Nsight compute profile run with nan value in multi-process service(MPS)

Hello,
I am using ncu in multi-process service(MPS). The ncu command line options used are:
ncu --metrics gpc__cycles_elapsed.max application
I am getting nan for my run as follows.

The details of the GPU are as follows.
GPU card: NVIDIA A40
Driver version: 515.65.01
CUDA Version: 11.7

To start the MPS, I have used the following commands:
export CUDA_VISIBLE_DEVICES=“0”
nvidia-smi -i 0 -c EXCLUSIVE_PROCESS
nvidia-cuda-mps-control -d

However, when I run the application without MPS, it gives the correct profiling results.

Any help would be appreciated.

MPS is not supported by Nsight Compute, see the “Profiling and Metrics” section under the known issues.

1 Like

If i want to profile l2 cache hit rate and memory throughput with MPS, how can i track this information?

Nsight Systems should be able to collect GPU metrics for the whole GPU regardless of MPS. “L2 hit rate” metric is available in the metric set called “Graphics Throughput Metrics for NVIDIA GA10x (frequency >= 10kHz)”.

To use that, please start with the following command:

nsys profile --gpu-metrics-device=all --gpu-metrics-set=ga10x-gfxt ./myApp

I turn on MPS and start multi-process in parallel, but problems occur.
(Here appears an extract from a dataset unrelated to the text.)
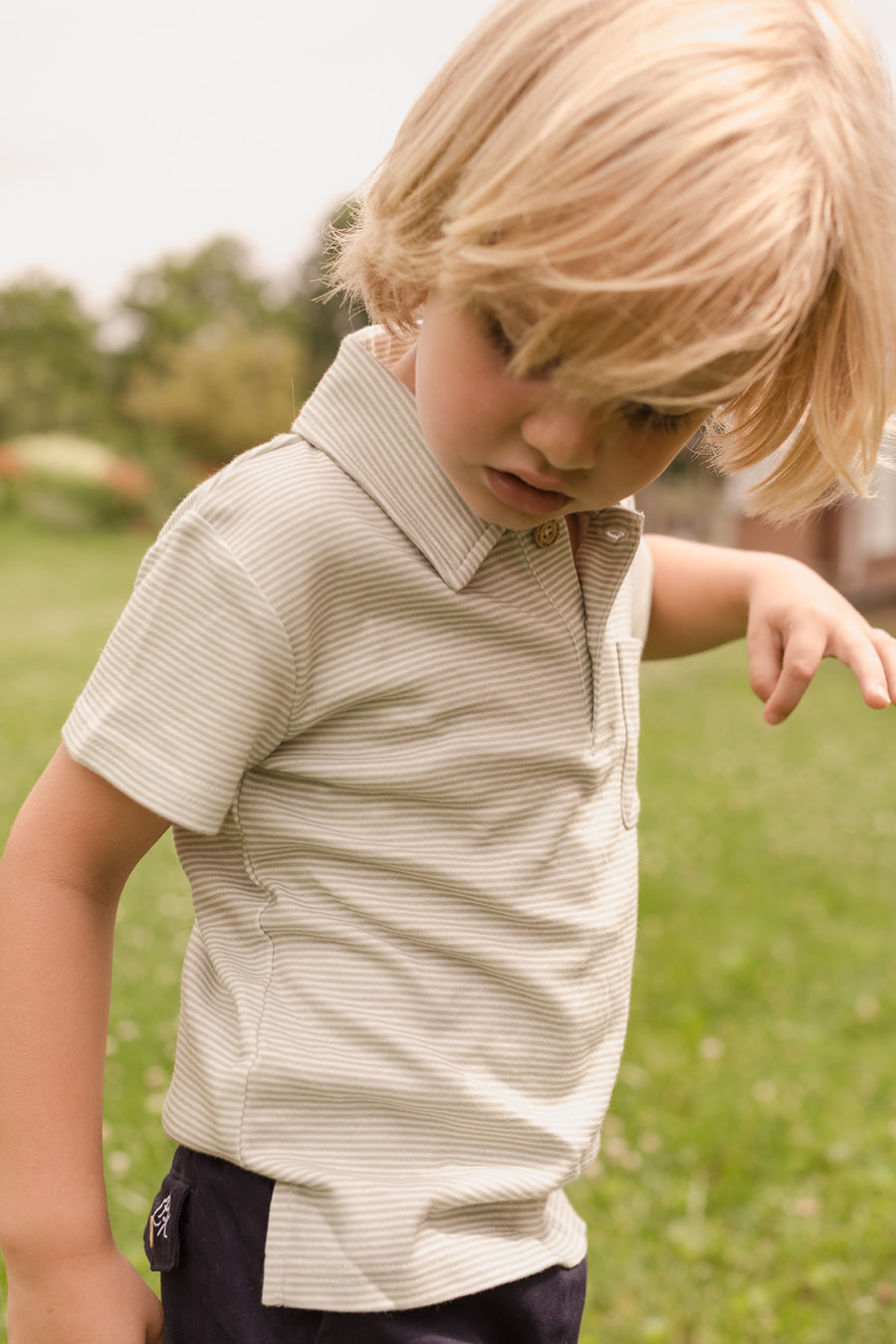 Archie Polo - Sage Green Stripe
Below is the bash code to run program in parallel.

#!/bin/bash
file_name=./mps_no_hooking
sm_num=$1
ps_num=$2

for i in $(seq 1 $ps_num); do
  sudo nsys profile --gpu-metrics-device=0 --gpu-metrics-set=ga10x-gfxt $file_name ${i} &
done

wait

Then this error code shows

user@vandal:~/libsmctrl$ sudo nsys profile --output=report1.qdrep --trace=cuda,nvtx,osrt --cuda-memory-usage=true --capture-range=cudaProfilerApi --capture-range-end=stop ./exec_process.sh 2
SM NO: 1
PID: 25944
L2 cache size: -812471192
/home/user/libsmctrl/./mps_no_hooking:libsmctrl.c:212: Error subscribing to launch callback. CUDA returned error code 999.
Generating '/tmp/nsys-report-a76e.qdstrm'
[1/1] [========================100%] report6.nsys-rep
Generated:
    /home/user/libsmctrl/report6.nsys-rep
Generated:

Output about l2 cache size is in my code, but it shows wrong(strange) values. I don’t know the reason.
Please tell me if you have a solution about this issue. Thank you!
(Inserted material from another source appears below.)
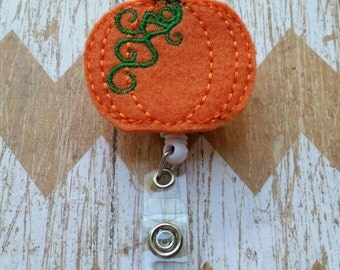 Pumpkin badge reel, Fall badge reel, teacher badge reel, nurse badge reel, medical badge reel, pumpkin ID badge reel, badge reel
In addition, i have one more question
server GPU is GeForce RTX 3090, and Nsight system version is 2024.4.1, and server ubuntu version is 18.04.6 LTS
I want to know GPU metric such as L2 cache hit rate. However there exists a problem like below.
GPU device doesn’t show in the list of ‘GPUs’.

Please answer this question…
I have tried to solve this problem for 3 days, but failed to solve.

Hi, @logg72

Your “GPU device doesn’t show in the list of ‘GPUs’” seems a set up issue or operation issue.
Can you please restart a topic in “Nsight System” directly to get help ?
Thanks !

Thank you! Fortunately, i solved this problem by creating a .conf extension file and fill out with options nvidia NVreg_RestrictProfilingToAdminUsers=0.
But another problem is occured. I want to use ‘libsmctrl library’ (libsmctrl_set_next_mask). However, Nsight system doesn’t work with this library. Do you know about this reason?

Sorry. I am not familiar with Nsight System usage. Please ask in Nsight System forum directly.

This topic was automatically closed 7 days after the last reply. New replies are no longer allowed.